I ran into this issue when implementing a parser for the "1 billion row challenge" (see this discourse post). I had an implementation like this:
parseMeasurements :: Parser () (M.HashMap BS.ByteString T)
parseMeasurements = chainl (\ !m (S k v) -> M.insertWith f k (T v v v 1) m) (pure M.empty) parseLine where
f (T a b c d) (T a' b' c' d') = T (min a a') (max b b') (c+c') (d+d')
Which caused a major space leak slowing down my program from 1 second to over 12 seconds (with only 9.2% productivity) on an input of 10 million rows.

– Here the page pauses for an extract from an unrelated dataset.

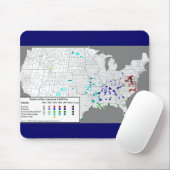アメリカ南北戦争の戦闘地図 マウスパッド (マウス)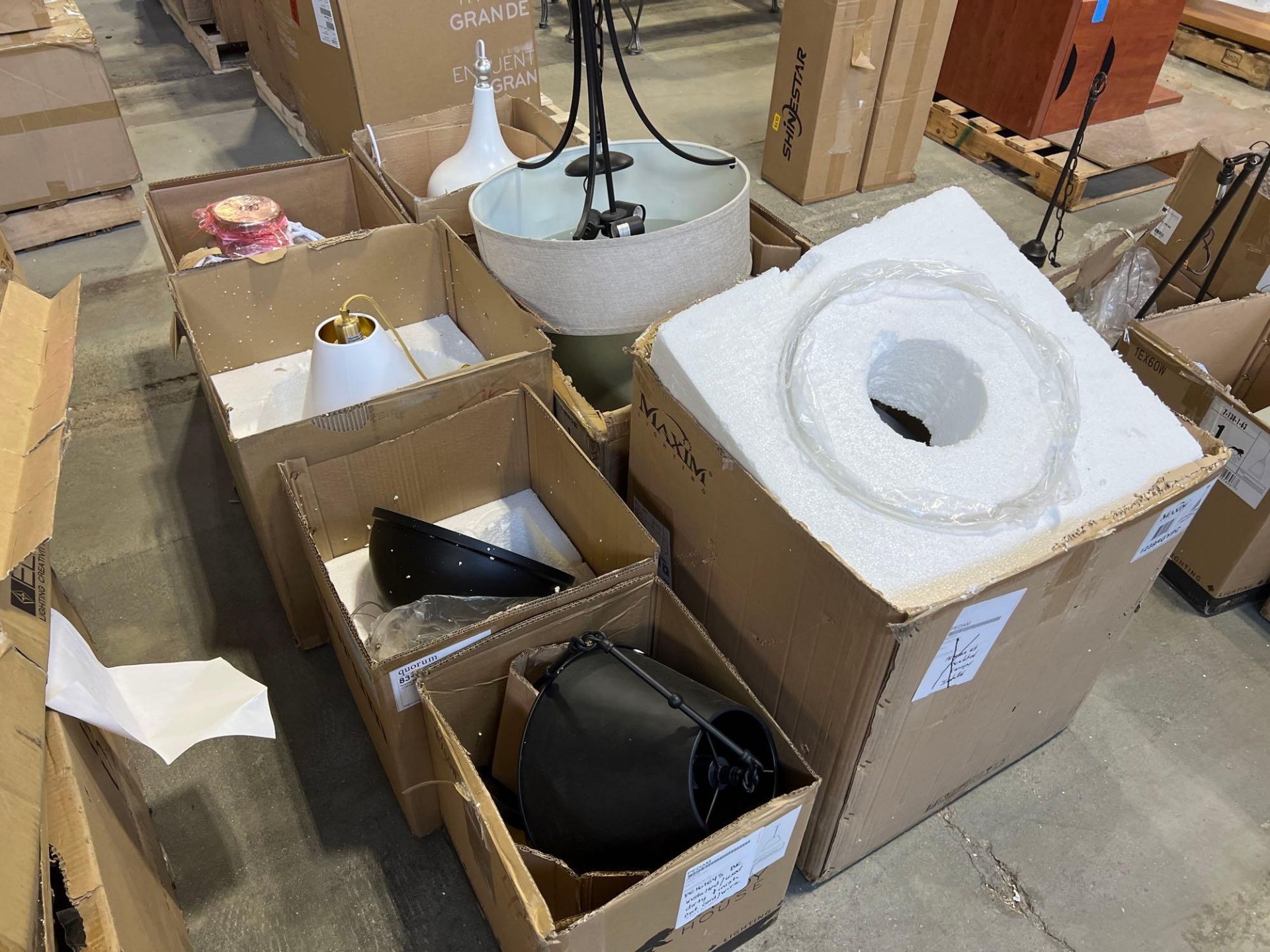 Lot of Assorted Light Fixtures - Bild 4 aus 11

I've fixed it by rewriting my implementation to use a manual recursion:
parseMeasurements :: Parser () (M.HashMap BS.ByteString T)
parseMeasurements = go M.empty where
go !m = withOption parseLine (\(S k v) -> go (M.insertWith f k (T v v v 1) m)) (pure m)
f (T a b c d) (T a' b' c' d') = T (min a a') (max b b') (c+c') (d+d')
So I'd suggest changing the definition of chainl
similarly, e.g.:
chainl :: (b -> a -> b) -> ParserT st e b -> ParserT st e a -> ParserT st e b
chainl f start elem = start >>= go where
go b = withOption elem (\ !a -> go $! f b a) (pure b)
AndrasKovacs commented
Thanks! You're totally right, I'll fix shortly.
AndrasKovacs commented
Fixed by 851a39c.